Yes. It is not a function of time. It is a function of the actual results. Optimally, you do it at the end of the vote-counting.
It is not a chronological analysis of voting. It is an "numeric frequency analysis" to see how often 1s, 2s, 3s, etc. show up in the data.
And if your analyzed data set is too small, the result is noisy (meaning, it will show all over the place). Similar to "normalized data sets", you need sufficient elements in the set to properly analyze them. You can do this at the precinct level because you have hundreds and thousands of them. You cannot and it should not be done at the county level: not enough counties to do a proper analysis.
And, remember, the analysis done on the leading digit for each element in the analyzed data set, not the entire "number."
If you're interested, here's how it works (skip if this is boring crap to you: no, not offended if you skip):
Large sets of data follow a numerical law called Benford's Law. So in an accounting ledger that has all transactions (purchases, sales, etc.), you'd see the number "1" show up the most frequently at around 30% of the time for LEADING NUMBERS (the first number in a value that shows up). Don't confuse the actual symbolic "1" for the actual value of 1. We are talking about the literal written base-10 symbol "1" showing up in accounting data.
..................
What's great about Benford's Law is it can apply to lots of other things like votes in large elections. If there is fraud or impropriety, measuring the votes against Benford's Law can show you which areas may have fraud and which may not. HOWEVER!!!!!! (pretend I'm a professor in class screaming at this point to emphasize how important it is...and I'm firmly tapping the chalkboard with chalk while pointing to crazy charts and graphs that illustrate Benford's Law), you need large sets of data to use Benford's Law to measure how close a data set is to Benford's Law.
.............
Remember, it is not measuring the data value.
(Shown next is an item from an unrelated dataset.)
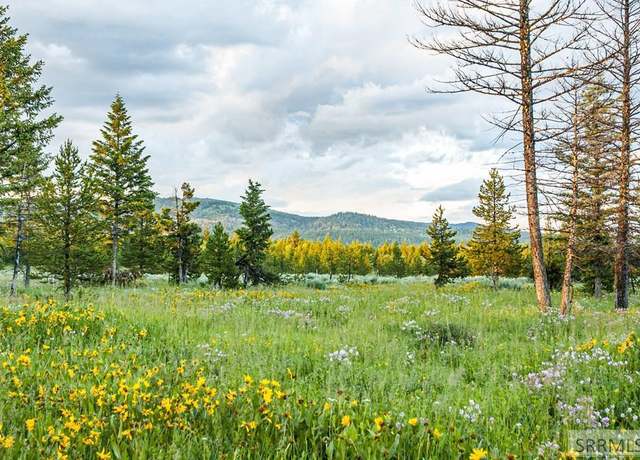 Property at 2819 NE Sage Hen Dr, Island Park, ID 83429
Meaning, you don't measure some raw number like "Biden got one thousand two hundred and fifty three more votes than Trump in Fulton County." You're measuring how often the number 1 shows up in the voting data, how often the number 2 shows up in the voting data, etc. But ONLY FOR LEADING NUMBERS: the first number that shows up in the value of each data element in the measured set.
...................
And Benford's Law shows us that in naturally occurring data sets, the number 1 shows up about 30.1% of the time, the number 2 shows up about 17.6% of the time, etc.
So pretend you have the following set of voting data:
County A votes for Biden: 4,898
County B votes for Biden: 9,548
County C votes for Biden: 8,990
County D votes for Biden: 798
..............
Running it through Benford's Law, you'd see that it doesn't follow that at all.
Looking at only the first number, you get:
Zero 1s
Zero 2s
Zero 3s
One 4s
Zero 5
Zero 6s
One 7
One 8
One 9s
................
Does that match Benford's Law? You know from Benford's Law that about 30% of the leading numbers should be "1s." But only a single one of the numbers in the data is a "1."
.............
In reality, that data set is far too small. But we have far more sets of voting data than just 4 to check Benford's Law against. Usually for "representative data", or a normalized data set, you need 30-60. Sometimes, it could be as many as 3,000 needed.
Let me know if that makes sense.